**Exercise goal**
Only lines containing the word "mode" belong in the answer; copy each one from the records.

**Data for analysis**

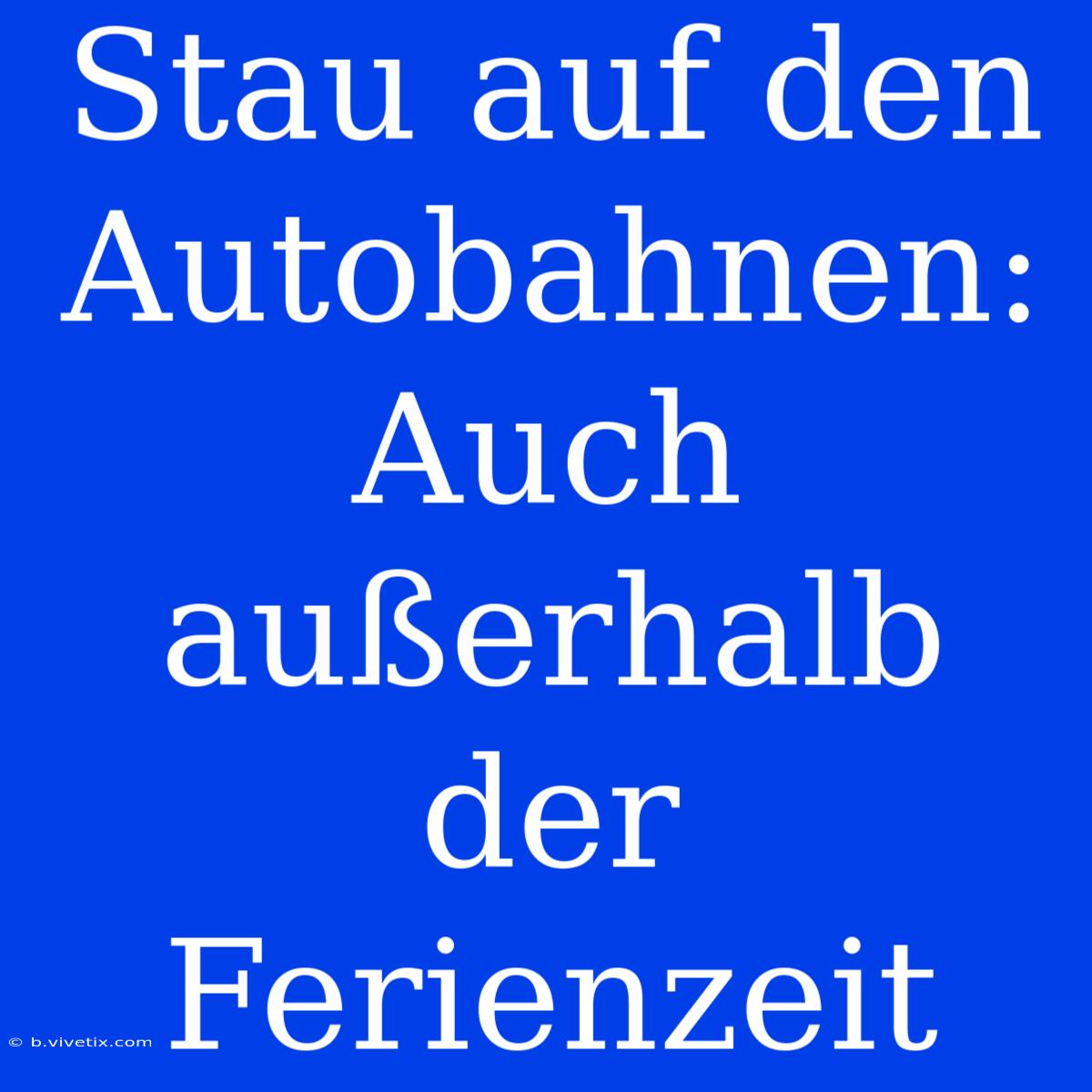 Stau Auf Den Autobahnen: Auch Außerhalb Der Ferienzeit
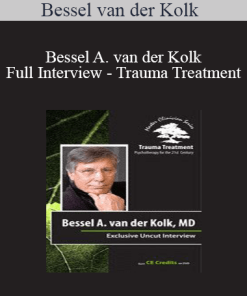 Bessel van der Kolk - Bessel A. van der Kolk Full Interview - Trauma Treatment: Psychotherapy for the 21st Century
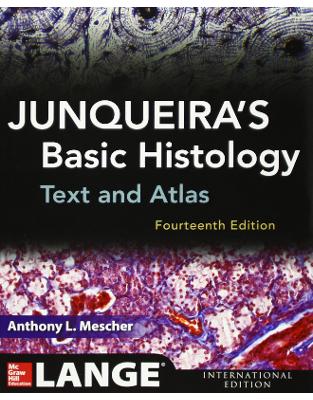 Junqueira's Basic Histology: Text and Atlas, Fourteenth Edition Junqueira's Basic Histology: Text and Atlas, Fourteenth Edition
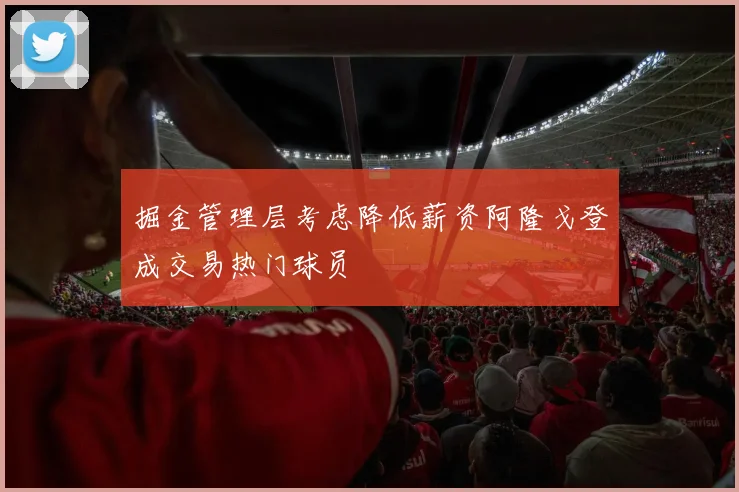 掘金管理层考虑降低薪资阿隆戈登成交易热门球员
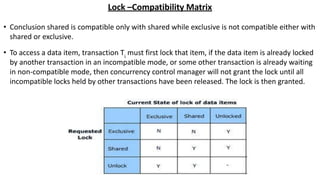 Lock –Compatibility Matrix
• Conclusion shared is compatible only with shared while exclusive is not compatible either with
shared or exclusive.
• To access a data item, transaction Ti
must first lock that item, if the data item is already locked
by another transaction in an incompatible mode, or some other transaction is already waiting
in non-compatible mode, then concurrency control manager will not grant the lock until all
incompatible locks held by other transactions have been released. The lock is then granted.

**Worked solution**
by another transaction in an incompatible mode, or some other transaction is already waiting
in non-compatible mode, then concurrency control manager will not grant the lock until all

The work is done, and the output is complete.